Energy firms ‘are overcharging customers on Direct Debits’ says Business Secretary Kwasi Kwarteng as he threatens fines for companies found to have left people out of pocket

  • Energy firms could face massive fines in a crackdown on hiking direct debits
  • Consumers complained that suppliers have increased their monthly direct debit
  • Ofgem’s chief executive Jonathan Brearley last month said there were ‘troubling signs’ of direct debits being hiked ‘by more than is necessary’
  • Kwasi Kwarteng said suppliers in breach of Ofgem’s rules could face fines

Energy firms could face massive fines in a crackdown on the practice of hiking customers’ direct debits by more than is necessary.

Millions of households saw bills rise by 54 per cent last month to an average £1,971 as energy regulator Ofgem’s price cap rise came into force – to reflect the soaring cost of wholesale gas and electricity.

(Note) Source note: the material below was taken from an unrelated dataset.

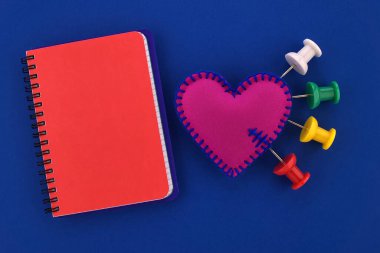Kalp ağrısı, çeşitli renklerde iğne batırılmış tıbbi konsept keçeli kalbe saplanmış acı yoğunluğunu sembolize eden açık tele bağlı not defteri.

But many consumers have complained that their suppliers have increased their monthly direct debit demands by even more than this – doubling them in some cases.

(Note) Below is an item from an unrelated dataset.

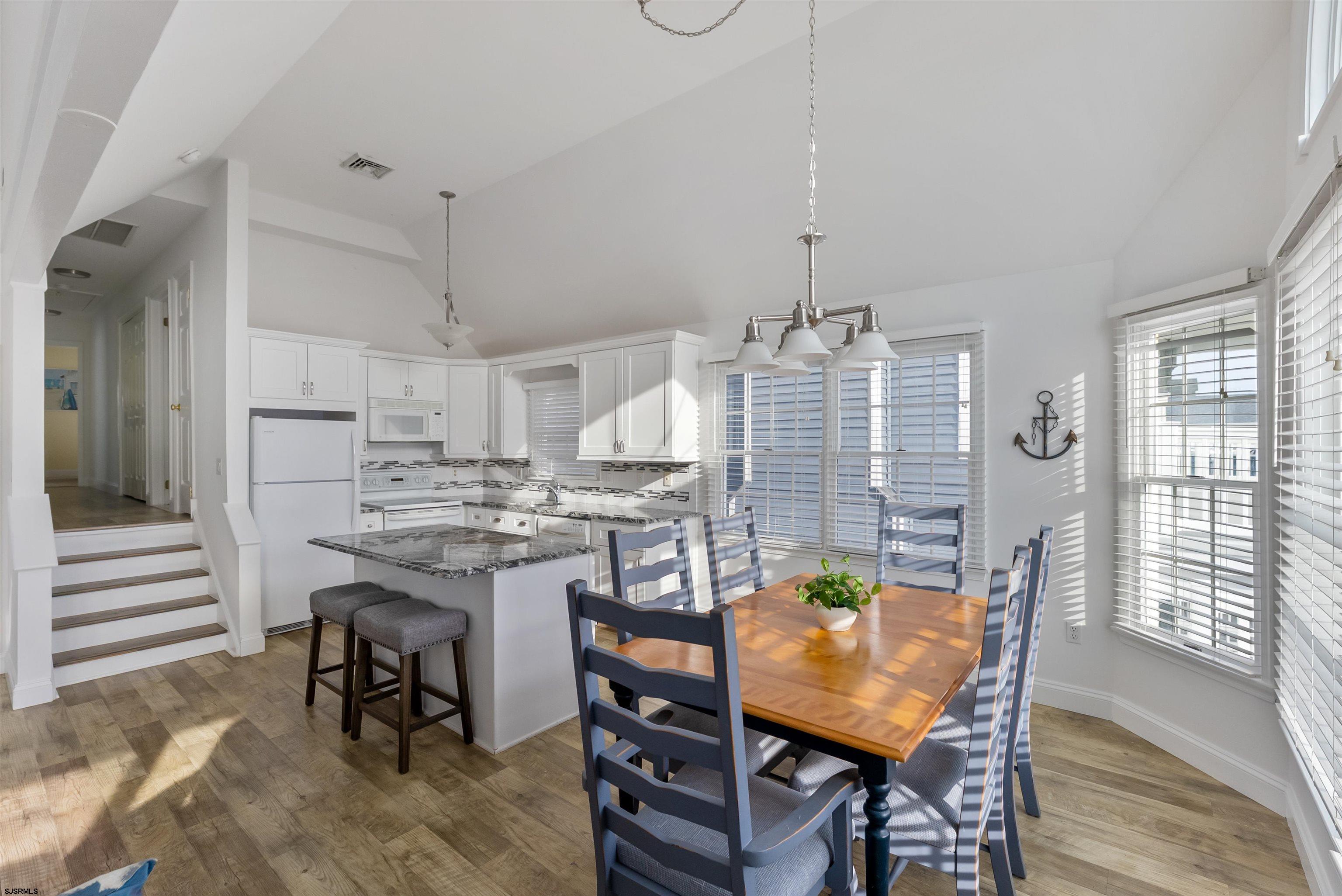 4930 Asbury Avenue, Unit 2 Ocean City, NJ 08226 - Photo 13 of 25 a view of a dining room with furniture window and outside view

 Business Secretary Kwasi Kwarteng said suppliers found to be in breach of Ofgem’s rules could face ‘substantial fines’.

He wrote on Twitter yesterday: ‘Some energy suppliers have been increasing direct debits beyond what is required. I can confirm Ofgem has today issued compliance reviews.’

He added: ‘The regulator will not hesitate to enforce compliance, including issuing substantial fines.’

Business Secretary Kwasi Kwarteng said suppliers found to be in breach of Ofgem’s rules could face ‘substantial fines’

Ofgem’s chief executive Jonathan Brearley last month said there were ‘troubling signs’ of direct debits being hiked ‘by more than is necessary’.

Consumer experts have raised concerns that some suppliers may be doing this to line their coffers. 

And the regulator has now launched a review, giving firms three weeks to explain their hikes.

UK households currently owe energy suppliers around £1billion, twice as much as they did a year ago, according to Uswitch.

But the comparison site also found 11million households had £1.4billion in credit on their accounts.

Adam French, consumer rights expert at Which?, said: ‘It’s encouraging to see that Ofgem has issued compliance reviews to energy suppliers who are increasing direct debits higher than they need to be.’

An Ofgem spokesman confirmed it had written to suppliers to ensure ‘amongst other things’ they were ‘handling direct debits fairly’. He added: ‘Our top priority is to protect consumers.’

It emerged last month that the energy regulator has privately warned ministers average bills could rise to as much as £5,000 if the war in Ukraine continues to cause major disruption to gas supplies.

Ofgem is understood to have said the energy price cap is likely to rise to at least £2,400 in October.